We affirm. It is well settled that “[sjchools are under a duty to adequately supervise the students in their charge and they will be held liable for foreseeable injuries proximately related to the absence of adequate supervision” (Mirand v City of New York, 84 NY2d 44, 49). The adequacy of supervision and whether the lack thereof was a proximate cause of a particular injury are generally questions of fact (see Vonungern v Morris Cent. School, 240 AD2d 926, 926).
Although defendant supported its motion with competent evidence that, if uncontroverted, would have established that defendant had no reason to anticipate the altercation and, once underway, the altercation was of such a short duration that defendant could have done nothing to prevent the injury to Jeremy (see e.g.
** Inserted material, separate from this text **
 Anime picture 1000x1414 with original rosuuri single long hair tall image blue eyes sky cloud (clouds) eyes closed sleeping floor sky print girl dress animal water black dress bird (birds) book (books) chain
Walsh v City School Dist. of Albany, 237 AD2d 811; Tomlinson v Board of Educ. of City of Elmira, 183 AD2d 1023, 1024), plaintiff opposed the motion with contrary evidence tending to establish that the aggressor pursued Jeremy for as long as two minutes while a schoolteacher watched from a nearby doorway. Given that evidence and the fact that no school personnel were present on the playground at the time of the incident, we conclude that there is an unresolved factual issue as to whether, had school personnel been in a position to intercede on Jeremy’s behalf, such intervention may have prevented his injuries (see Thomas v Board of Educ. of Kingston City Consol. School Dist., 291 AD2d 710; Vonungern v Morris Cent. School, supra).
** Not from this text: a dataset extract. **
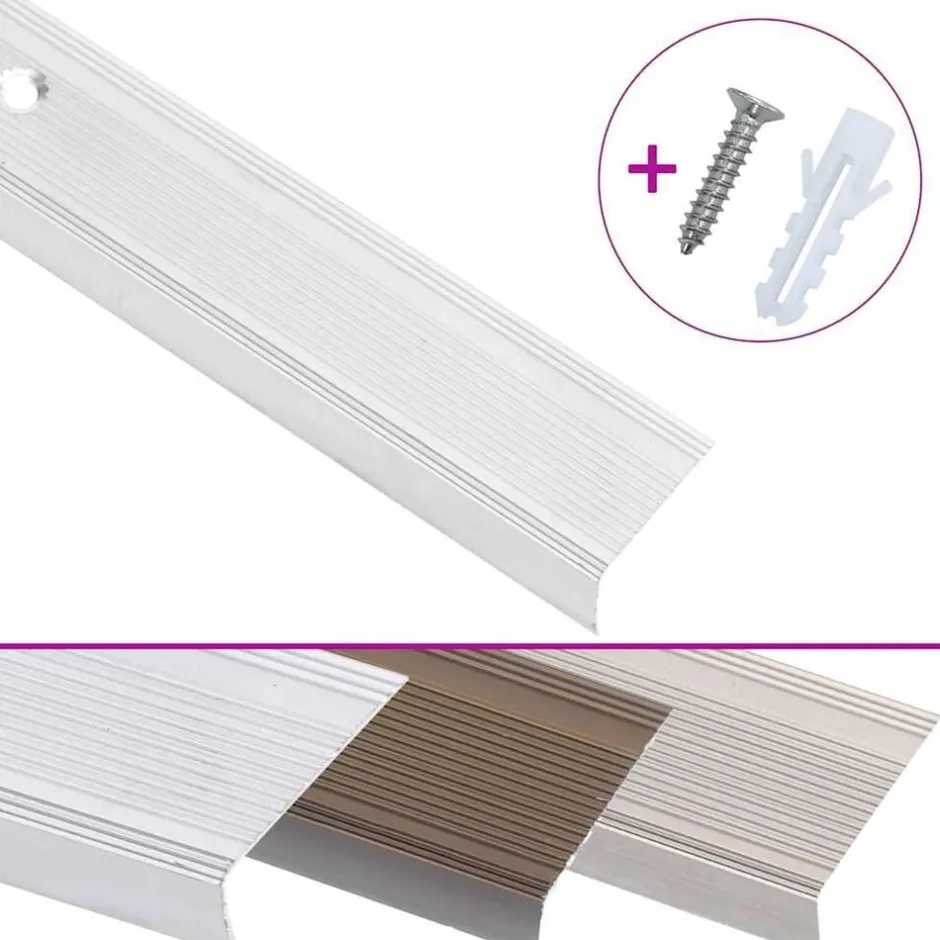 Outlet vidaXL Trappnäsor i L-form 15 st aluminium 90 cm Silver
Contrary to the views of our dissenting colleagues, our holding is not contrary to this Court’s decision in Foster v New Berlin Cent. School Dist. (246 AD2d 880) or of the Second Department decisions in Janukajtis v Fallon (284 AD2d 428) and Convey v City of Rye School Dist. (271 AD2d 154). In Foster, our decision was premised on the fact that the five classes on recess at the time of the incident were being monitored by three teachers and the entire incident “lasted only a few moments” (Foster v New Berlin Cent. School Dist., supra at 881). In both Janukajtis and Convey, the holding was that lack of supervision is not the proximate cause of the injury where the accident occurs in so short a span of time that “ ‘even the most *721intense supervision could not have prevented it’ ” (Janukajtis v Fallon, supra at 430, quoting Convey v City of Rye School Dist., supra at 160). This is not such a case. We underscore that our holding is based upon the lack of a monitor on the playground at the time of the incident and evidence that the entire incident lasted far longer than a few moments.
In view of our determination, it is not necessary to reach plaintiffs alternative argument for affirmance.
Cardona, P.J., and Kane, J., concur.